TASK TO CARRY OUT: Where does the word "White" show up in the data? Please find each such line and copy it.

Scraped caption text data:
*** Begin section ***

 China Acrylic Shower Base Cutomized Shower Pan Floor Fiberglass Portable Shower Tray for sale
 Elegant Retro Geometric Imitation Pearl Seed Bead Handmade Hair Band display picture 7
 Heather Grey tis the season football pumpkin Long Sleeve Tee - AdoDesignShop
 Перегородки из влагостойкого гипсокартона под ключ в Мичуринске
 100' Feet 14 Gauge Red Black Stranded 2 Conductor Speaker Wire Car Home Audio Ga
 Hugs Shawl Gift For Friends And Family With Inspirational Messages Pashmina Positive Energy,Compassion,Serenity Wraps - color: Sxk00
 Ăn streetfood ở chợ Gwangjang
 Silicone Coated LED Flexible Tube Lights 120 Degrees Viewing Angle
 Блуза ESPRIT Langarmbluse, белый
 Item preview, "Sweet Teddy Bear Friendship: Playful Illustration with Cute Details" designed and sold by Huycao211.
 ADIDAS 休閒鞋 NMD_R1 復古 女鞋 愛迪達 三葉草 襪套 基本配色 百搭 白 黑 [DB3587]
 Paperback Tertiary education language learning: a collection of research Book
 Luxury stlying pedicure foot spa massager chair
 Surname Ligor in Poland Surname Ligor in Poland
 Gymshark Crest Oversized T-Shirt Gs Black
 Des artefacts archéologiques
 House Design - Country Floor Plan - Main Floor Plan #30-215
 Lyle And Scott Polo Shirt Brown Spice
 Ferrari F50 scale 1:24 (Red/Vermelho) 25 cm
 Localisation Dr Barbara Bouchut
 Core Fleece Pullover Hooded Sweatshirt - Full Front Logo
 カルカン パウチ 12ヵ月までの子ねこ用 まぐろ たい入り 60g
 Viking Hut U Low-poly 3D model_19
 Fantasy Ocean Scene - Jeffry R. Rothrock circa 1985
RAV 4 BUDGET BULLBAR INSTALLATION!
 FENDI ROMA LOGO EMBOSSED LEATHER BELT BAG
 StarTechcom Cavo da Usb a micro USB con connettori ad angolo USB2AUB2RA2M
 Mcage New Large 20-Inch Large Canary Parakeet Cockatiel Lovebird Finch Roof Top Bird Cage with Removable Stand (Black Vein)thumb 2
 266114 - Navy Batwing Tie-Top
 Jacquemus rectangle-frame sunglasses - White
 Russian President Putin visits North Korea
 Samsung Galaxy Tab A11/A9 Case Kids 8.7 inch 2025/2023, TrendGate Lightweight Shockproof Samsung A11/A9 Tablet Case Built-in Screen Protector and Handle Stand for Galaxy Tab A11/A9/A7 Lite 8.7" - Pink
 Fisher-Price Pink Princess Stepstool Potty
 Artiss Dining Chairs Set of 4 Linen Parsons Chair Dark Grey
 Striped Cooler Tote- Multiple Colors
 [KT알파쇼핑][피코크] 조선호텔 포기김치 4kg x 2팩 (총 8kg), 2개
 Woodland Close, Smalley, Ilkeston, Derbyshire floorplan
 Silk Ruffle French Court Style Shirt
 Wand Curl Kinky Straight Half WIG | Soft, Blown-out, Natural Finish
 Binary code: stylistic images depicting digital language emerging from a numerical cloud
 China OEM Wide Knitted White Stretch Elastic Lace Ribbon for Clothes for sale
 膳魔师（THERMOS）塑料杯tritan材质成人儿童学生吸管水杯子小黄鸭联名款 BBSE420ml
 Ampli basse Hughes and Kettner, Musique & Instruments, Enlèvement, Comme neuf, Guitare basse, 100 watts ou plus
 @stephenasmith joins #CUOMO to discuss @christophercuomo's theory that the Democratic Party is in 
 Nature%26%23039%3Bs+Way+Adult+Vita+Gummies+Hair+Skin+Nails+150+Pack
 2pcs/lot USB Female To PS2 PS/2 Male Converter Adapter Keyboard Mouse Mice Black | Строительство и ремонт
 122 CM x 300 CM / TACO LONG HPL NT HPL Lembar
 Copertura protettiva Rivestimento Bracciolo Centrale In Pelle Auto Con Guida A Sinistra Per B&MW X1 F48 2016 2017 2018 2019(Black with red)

*** End section ***

SOLUTION TO THE PROBLEM:
 Jacquemus rectangle-frame sunglasses - White
 China OEM Wide Knitted White Stretch Elastic Lace Ribbon for Clothes for sale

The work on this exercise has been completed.